• PROBLEM TO SOLVE
Leaving out the pictures, write out exactly each line from the line with "Load image into" through the close of the listing below.

• DATA EXTRACT
___
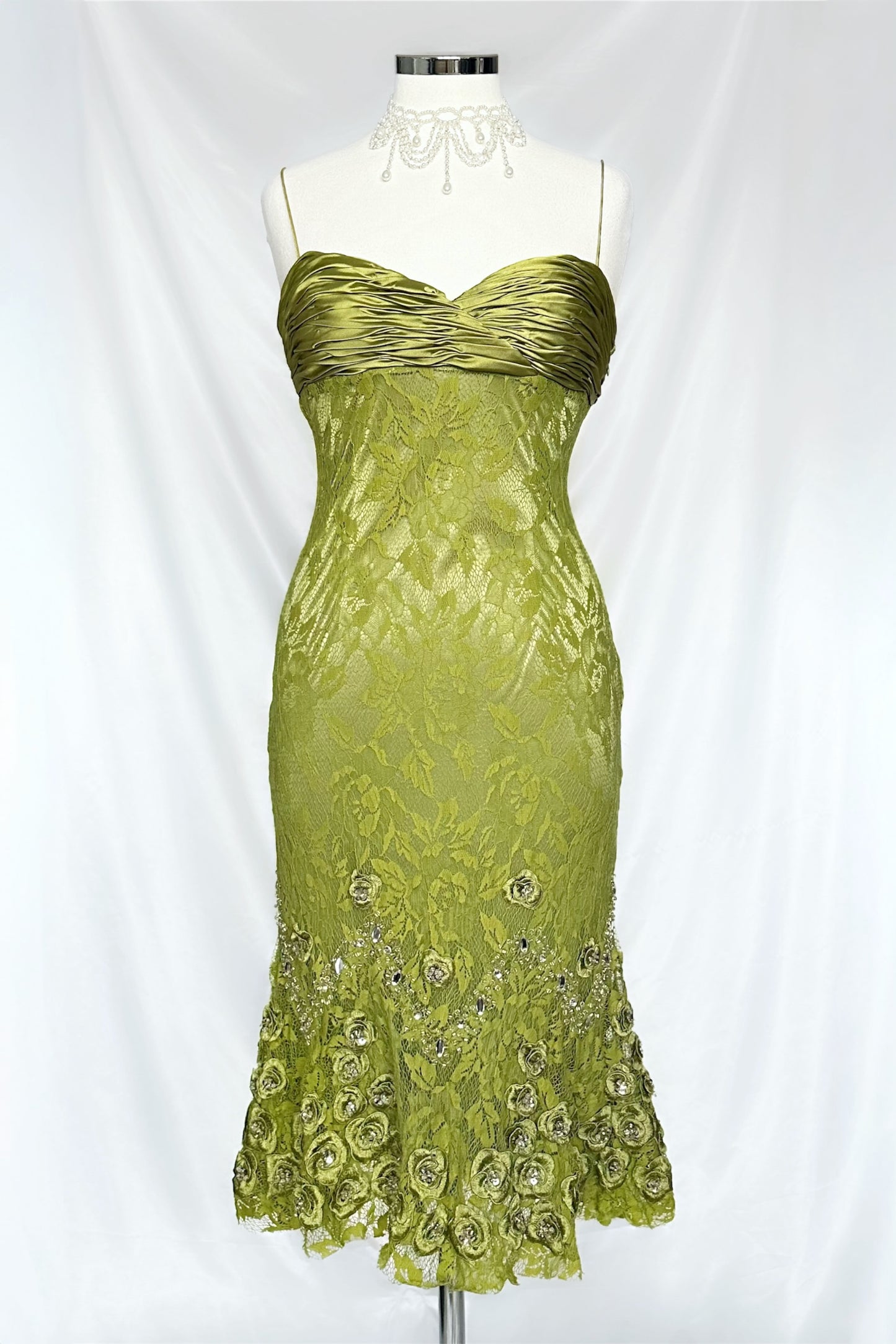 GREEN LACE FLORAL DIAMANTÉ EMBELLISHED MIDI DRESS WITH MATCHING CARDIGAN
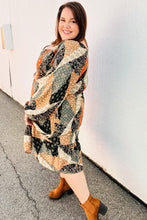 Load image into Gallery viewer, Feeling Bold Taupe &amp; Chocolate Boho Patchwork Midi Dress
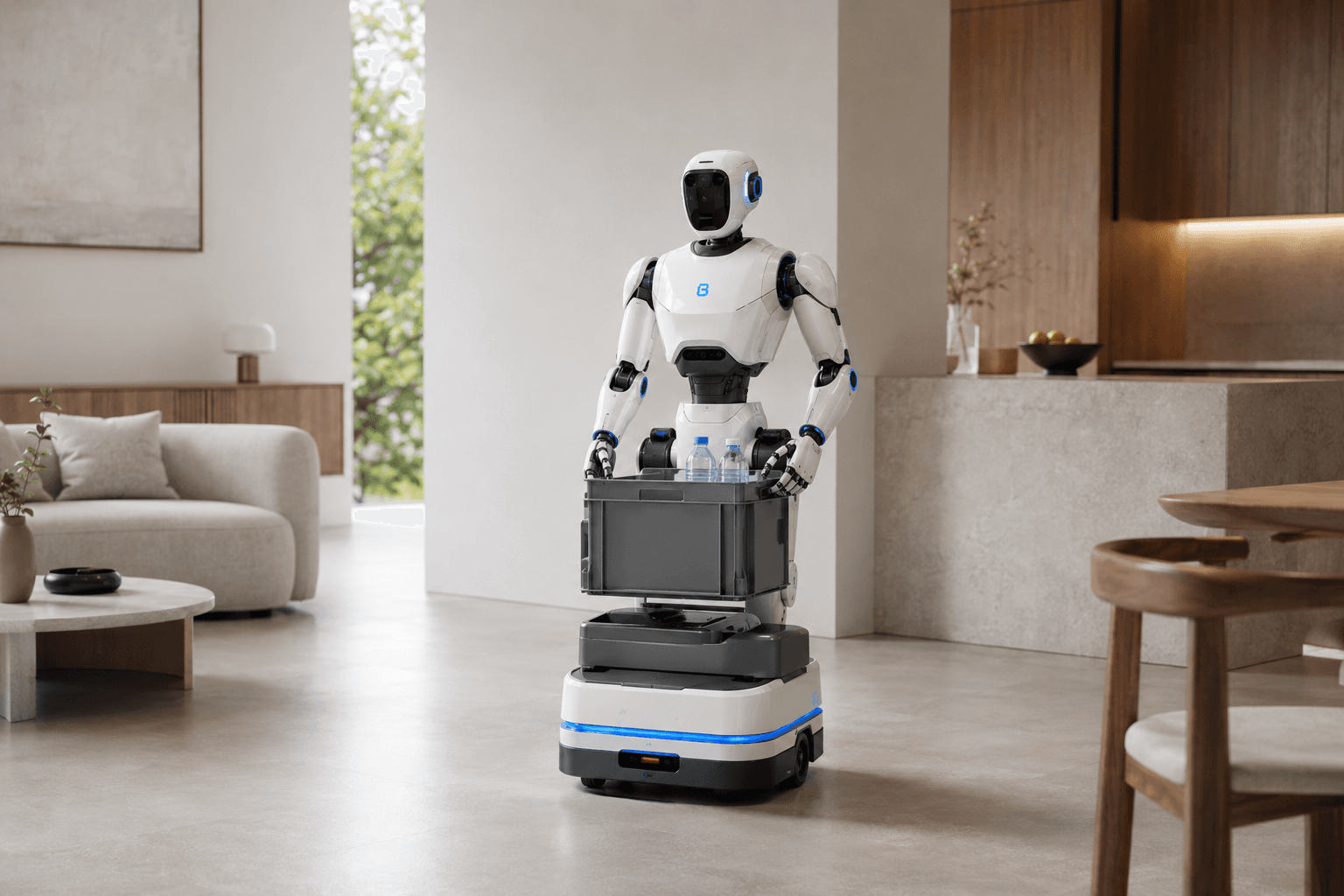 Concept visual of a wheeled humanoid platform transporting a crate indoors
___
• RESULT FOR THIS TASK
 Load image into Gallery viewer, Feeling Bold Taupe &amp; Chocolate Boho Patchwork Midi Dress
 Concept visual of a wheeled humanoid platform transporting a crate indoors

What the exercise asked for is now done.